Biases usually are good if it includes information that is correct with the data. (helps it learn faster, an example of why bias works is the Stein estimator, but I didn’t understood exactly why). Simple cases and reasoning for first principles usually helps you build the intuition to attack more complex cases. This is something you would need to keep in mind.
MLE is overconfident 🟥
TODO: see Sur and Candes 2018
One can show that there are many examples where logistic regression (see Linear Regression methods) is quite biased. This is a problem especially with high dimensional data. There are some numerical instabilities with correlated features, especially when we are trying to invert something small (floating point imprecisions!)
You can see it quite easily: Remember that the ordinary least squares solution is $(X^{T}X)^{-1}X^{T}y$, let’s suppose we use Singular Value Decomposition and write $X = V^{T}DU$ then we have $X^{T}X = U^{T}DVV^{T}DU = U^{T}D^{2}U$ Inverting this we get $U^{T}D^{-2}U$ and multiplying with the original one we get $\beta = U^{T}D^{-1}Vy$ but the matrix $D^{-1}$ is quite unstable, especially when you are inverting small numbers.

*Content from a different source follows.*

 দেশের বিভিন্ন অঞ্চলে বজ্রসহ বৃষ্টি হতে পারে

One nice thing about this decomposition is that the inference is just $X\beta = V^{T}Vy$ and that is a nice form.
Rao-Cramer Bound 🟨
Professor says this bound has same principle with the Heisenberg’s uncertainty principle with the Cauchy-Schwarz inequality somehow. But I don’t know about that.

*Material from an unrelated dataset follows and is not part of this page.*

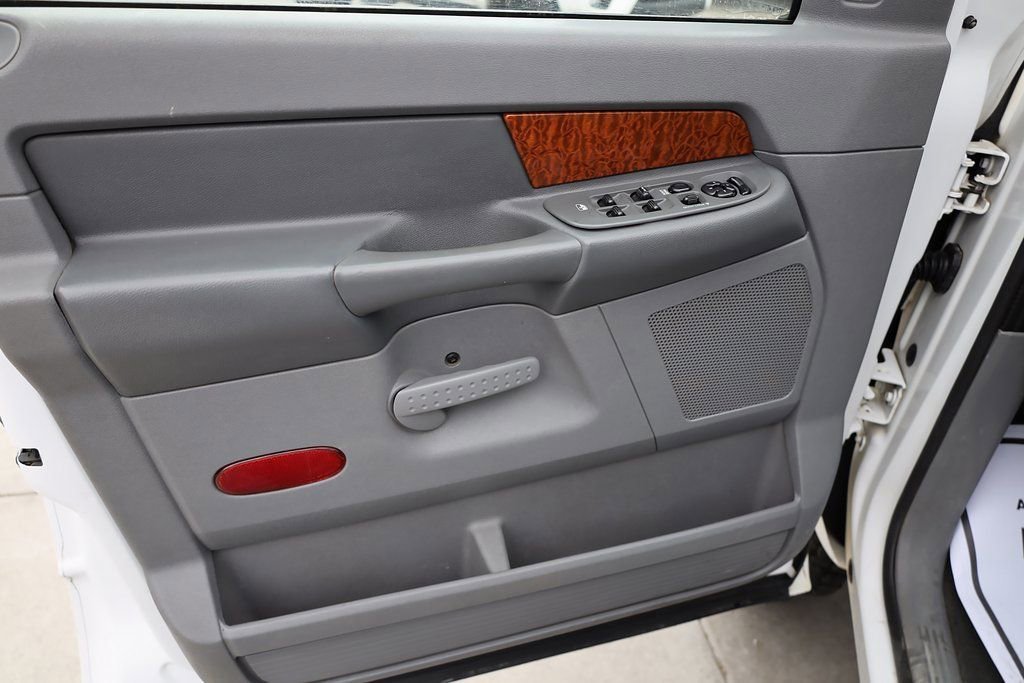 Used 2006 Bright White Dodge SLT image 10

Let’s consider a likelihood $p(y \mid \theta)$, for $\theta \in \Theta$ which is our parameter space, and some samples $y_{1}, \dots, y_{n} \sim p(y \mid \theta_{0})$, using a particular $\theta_{0}$. We want to know how precisely can we estimate the value $\theta_{0}$ given $n$ samples. So let’s define an estimator $\hat{\theta}$ and consider the expected deviation $\mathbf{E}_{y \mid \theta} \left[ (\hat{\theta} - \theta_{0})^{2} \right]$, which tells us how much can the estimated value $\hat{\theta}$ vary compared to the ground truth. One nice thing is that this holds for every distribution.
Score function
$$ \Lambda := \frac{ \partial }{ \partial \theta } \log p(y \mid \theta) = \frac{\left( \frac{ \partial }{ \partial \theta } p(y \mid \theta) \right)}{p(y \mid \theta)} $$$$ b_{\hat{\theta}} = \mathbb{E}_{y \mid \theta} [ \hat{\theta} (y_{1}, \dots, y_{n})] - \theta $$$$ \mathbf{E}_{y \mid \theta} \Lambda = \int p(y \mid \theta) \cdot \frac{1}{p(y \mid \theta)} \frac{ \partial }{ \partial \theta } p(y \mid \theta) \, dy = \int \frac{ \partial }{ \partial \theta } p(y \mid \theta) \, dy = \frac{ \partial }{ \partial \theta } 1 = 0 $$which is an interesting result.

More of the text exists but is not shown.